Etudier et ficher les enfants aussi jeune, c’est à donner des frissons dans le dos. Pourquoi ne pas proposer par la suite un dépistage dès l’accouchement ? Peut être y aurait-il des découvertes ?

Si l’enfant sort par le siège, ce sera peut-être un politicien, s’il crie aussitôt, un syndicaliste. S’il sort la tête vers le haut un religieux, vers le bas un smicard ; le cordon enroulé autour du coup, un suicidaire.
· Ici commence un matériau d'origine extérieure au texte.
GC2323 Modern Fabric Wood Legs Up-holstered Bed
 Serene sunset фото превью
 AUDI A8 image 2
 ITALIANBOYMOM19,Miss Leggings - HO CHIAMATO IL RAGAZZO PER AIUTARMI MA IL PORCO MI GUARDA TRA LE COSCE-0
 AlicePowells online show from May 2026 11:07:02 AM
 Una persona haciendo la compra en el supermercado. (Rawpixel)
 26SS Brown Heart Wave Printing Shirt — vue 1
Pour conclure, il faut tout de même relater la gravité des risques de la mise en place d’un tel fichier de données. Outre la confidentialité, les divers arguments à évoquer avec la CNIL (Commission Nationale d’Informatique et Libertés), c’est un fichage systématique de grande envergure qu’il est proposé et des analyses de comportements en tout genre sans consentement possible de l’individu, pour obtenir la société idéale débarrassée totalement de la délinquance juvénile. Et plus tard encore nous ne sommes pas à l’abri d’entendre dire que cela peut se dépister génétiquement…l’eugénisme n’est pas si loin que ça.

Macabre comparaison, mais l’Europe a connu un genre d’étude médicale avec Mengele lors de la seconde guerre mondiale. Espérons que la France ne soit pas le berceau d’un Mengele version « psy » ou « social ».